Stationarity Proof – How to Prove Stationarity of an AR(2) Model

Question

Consider a mean-centred AR(2) process $$X_t=\phi_1X_{t-1}+\phi_2X_{t-2}+\epsilon_t$$ where $\epsilon_t$ is the standard white noise process. Just for sake of simplicity let me call $\phi_1=b$ and $\phi_{2}=a$. Focusing on the roots of the characteristics equation I got $$z_{1,2}=\frac{-b\pm\sqrt{b^2+4a}}{2a}$$
The classical conditions in the textbooks are the following: $$\begin{cases}|a|<1 \\ a\pm b<1 \end{cases}$$
I tried to solve manually (with the help of Mathematica) the inequalities on the roots, i.e the system $$\begin{cases}|\frac{-b-\sqrt{b^2+4a}}{2a}|>1 \\ |\frac{-b+\sqrt{b^2+4a}}{2a}|>1\end{cases}$$ obtaining just $$a \pm b<1$$ Can the third condition ($|a|<1$) be recover adding the previous two solutions to each other getting $a+b+a-b<2 \Rightarrow a<1$ that through some sign considerations becomes $|a|<1$? Or am I missing a solution?

Answer 1

My guess is that the characteristic equation you are departing from is different from mine.

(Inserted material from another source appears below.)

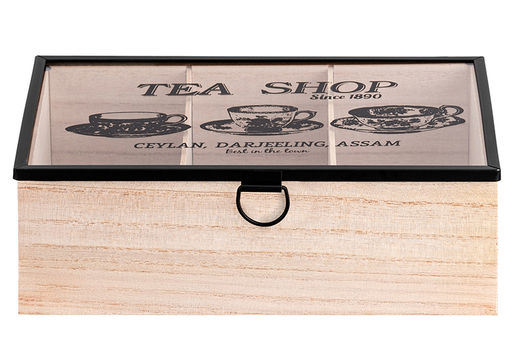 Подставка для чайных пакетиков 24*16,5*8 см Tea shop с 3-мя отделениями, с крышкой - Elan gallery фото 6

Let me proceed in a couple of steps to see whether we agree.

Consider the equation $$ \lambda^2-\phi_1\lambda-\phi_2=0 $$

If $z$ is a root of the "standard" characteristic equation $1-\phi_1 z-\phi_2 z^2=0$ and setting $z^{-1}=\lambda$, the display obtains from rewriting the standard one as follows: \begin{eqnarray*} 1-\phi_1 z-\phi_2 z^2&=&0\\ \Rightarrow z^{-2}-\phi_1 z^{-1}-\phi_2 &=&0\\ \Rightarrow \lambda^2-\phi_1\lambda -\phi_2 &=&0 \end{eqnarray*} Hence, an alternative condition for stability of an $AR(2)$ is that all roots of the first display are inside the unit circle, $|z|>1 \Leftrightarrow |\lambda|=|z^{-1}|<1$.

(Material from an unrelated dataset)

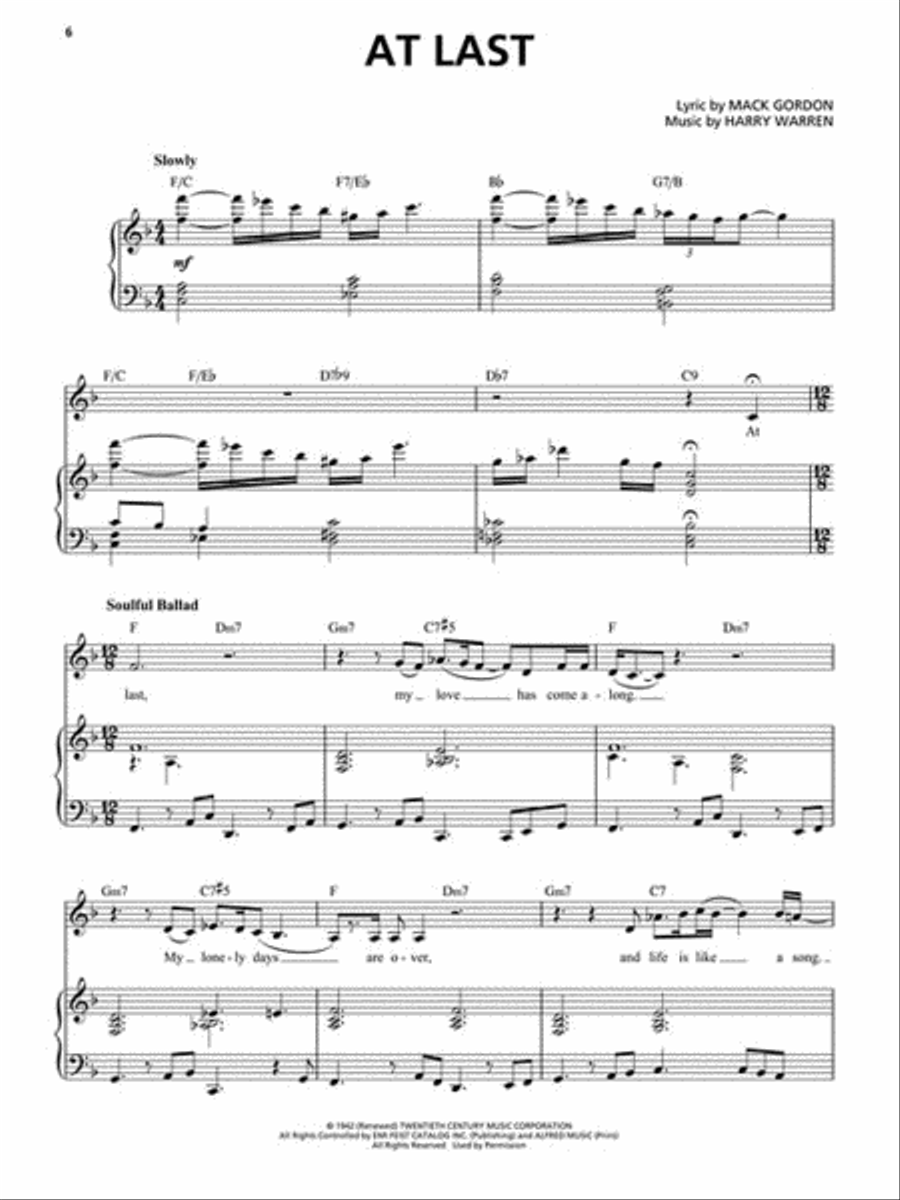 Etta James: Greatest Hits - Original Keys for Singers Voice scores gallery preview page 4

We use this representation to derive the stationarity triangle of an $AR(2)$ process, that is that an $AR(2)$ is stable if the following three conditions are met:

1. $\phi_2<1+\phi_1$
2. $\phi_2<1-\phi_1$
3. $\phi_2>-1$

Recall that you can write the roots of the first display (if real) as $$ \lambda_{1,2}=\frac{\phi_1\pm\sqrt{\phi_1^2+4\phi_2}}{2} $$ to find the first two conditions.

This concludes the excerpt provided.